Aquí es donde los matices se hacen esenciales. Tellería subraya que pueden ser útiles para quienes tienen rentas altas, dado que las aportaciones reducen la base imponible del IRPF y, por tanto, permiten pagar menos impuestos en el presente. Pero tienen letra pequeña. No se puede acceder al dinero libremente. Y al rescatarlo, tributa como renta del trabajo.
Para algunos, esa rigidez es un freno. Para otros, una ayuda. Fernández Quesada apunta que, en muchos casos, esa iliquidez protege de la tentación de usar antes de tiempo un dinero que debería estar quieto. Y además, tienen ventajas en sucesiones: permiten designar beneficiarios directamente.
Más allá de los planes de pensiones, hay otros productos que buscan equilibrio entre ahorro, inversión y ventajas fiscales.
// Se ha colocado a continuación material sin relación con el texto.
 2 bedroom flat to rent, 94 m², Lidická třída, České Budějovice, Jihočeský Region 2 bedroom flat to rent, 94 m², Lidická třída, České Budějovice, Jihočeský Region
Los PIAS (Planes Individuales de Ahorro Sistemático) permiten cobrar como renta vitalicia si se mantiene la inversión cinco años. Los SIALP (Seguros Individuales de Ahorro a Largo Plazo) ofrecen rentabilidad conservadora y exención fiscal tras cinco años. Los PPAs (Planes de Previsión Asegurados) combinan seguros de vida con ahorro, garantizando una rentabilidad mínima.
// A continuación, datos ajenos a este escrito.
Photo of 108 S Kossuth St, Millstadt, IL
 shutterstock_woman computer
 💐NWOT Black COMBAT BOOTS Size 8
También están los fondos indexados. Vehículos de inversión que replican la evolución de un índice bursátil, como el S&P 500 o el MSCI World. Permiten diversificar con una sola operación y tienen comisiones muy bajas. A largo plazo, esa diferencia en costes es clave. Una reducción del 1% anual en gastos puede traducirse en varios miles de euros más acumulados tras 30 años.
Para perfiles que buscan estrategias más sofisticadas, existen los fondos de inversión tradicionales, gestionados activamente. Más caros, pero también más personalizados.
En paralelo, aparecen propuestas como la Cartera Permanente de Harry Browne, que reparte la inversión a partes iguales entre renta variable, bonos a largo plazo, oro y efectivo. Esta distribución busca proteger el capital en cualquier escenario económico posible: expansión, recesión, inflación o deflación. Cada uno de los cuatro componentes responde de forma diferente ante esos contextos y, al estar equilibrados, ayudan a suavizar los altibajos del mercado. No busca maximizar rentabilidades, sino conservar el poder adquisitivo con estabilidad.
También está la estrategia Boglehead, inspirada en el fundador de Vanguard, John Bogle. Se basa en mantener una cartera de fondos indexados de bajo coste y elevada diversificación, adaptando el peso entre renta fija y renta variable según la edad y el perfil del inversor. Es una filosofía de inversión pasiva que evita intentar predecir el mercado y que prioriza el largo plazo, la simplicidad y la reducción de costes. Para muchos, una forma eficiente y accesible de invertir sin complicaciones.
La inversión no elimina los riesgos, pero ofrece más posibilidades de mantener o incluso mejorar el poder adquisitivo en el futuro. Mientras tanto, el ahorro en una cuenta corriente cumple otra función: preservar liquidez y responder a necesidades inmediatas. No son excluyentes, pero tampoco equivalentes.